Each week, I devote one 50-minute class period to Genius Hour. (I used to give this hour to independent reading and reading conferences in the library. We still go to the library on Thursdays, but now our focus is Genius Hour work.) While they work, I confer — a combination of writing conferences about blog posts, reading conferences, and project management conferences to make sure we are all still rolling along.

What to Expect in This Blog Series

As my students blog their progress, I’m going to be blogging mine here. You’ll get to see the nuts and bolts of my project along the way. But since Moving Writers is a blog about secondary writing, that’s what my focus will be here — how Genius Hour is moving my writers.

Because in terms of writing, Genius Hour is an extended writing study in information writing, argument writing, narrative writing, research writing, and blogging all for an authentic audience.

Here are some topics I’m already planning to share here in the coming weeks:

  • How Genius Hour plays with the elements of workshop:  giving choice, making time, teaching skills, encouraging talk, assessing growth
  • Writing and giving pitches about Genius Hour projects a la Project-Based Writing.
  • Studying blogs with student bloggers.
  • Multigenre writing through blogs
  • Teaching research skills and research writing through Genius Hour
  • Individualized grammar instruction through Genius Hour

Are there topics you want to hear about? Let me know here:

On the Speaking and Listening Podcast, Noah Waspe said that running Genius Hour projects becomes the teacher’s Genius Hour project. How true it is. I am excited to share my own Genius Hour project with you over the course of the next few months!

Do you do Genius Hour? How do you structure it? How does it connect to your reading workshop or writing workshop? Share in comments, on Facebook, or on Twitter. You can find me @RebekahOdell1.


  1. Thanks for the shout-outs, Rebekah!
    I’m so excited to see how this process unfolds with your lucky students!
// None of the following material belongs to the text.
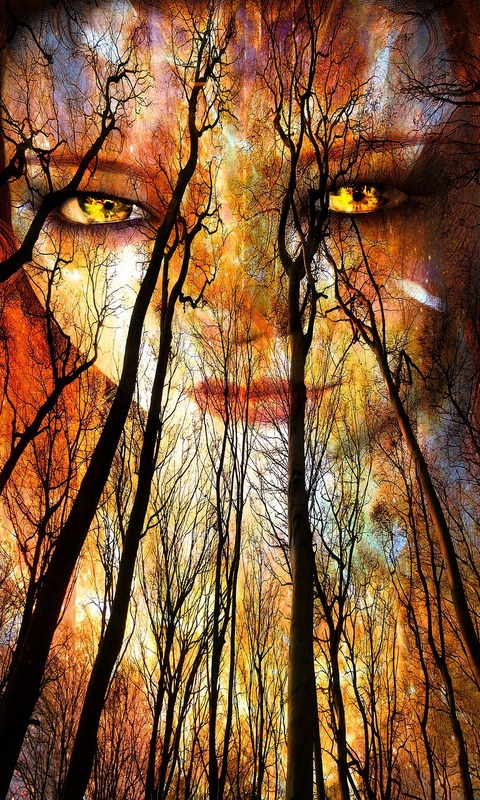 Download mobile wallpaper Dark, Forest, Tree, Face, Yellow Eyes for free.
  2. Hi Rebekah! I did Genius Hour in my classes the last two years with some success, but really need to continue to tweak it…this year with some new curriculum changes, I haven’t been able to do it, but I might try to fit it into our fourth marking period, so I’ll be following your progress!
    I also wanted to mention that I have been utilizing the Project Based Writing Model (modified to fit my 6-8 creative writing classes) and loving it! The kids love the choice, and I highly recommend it!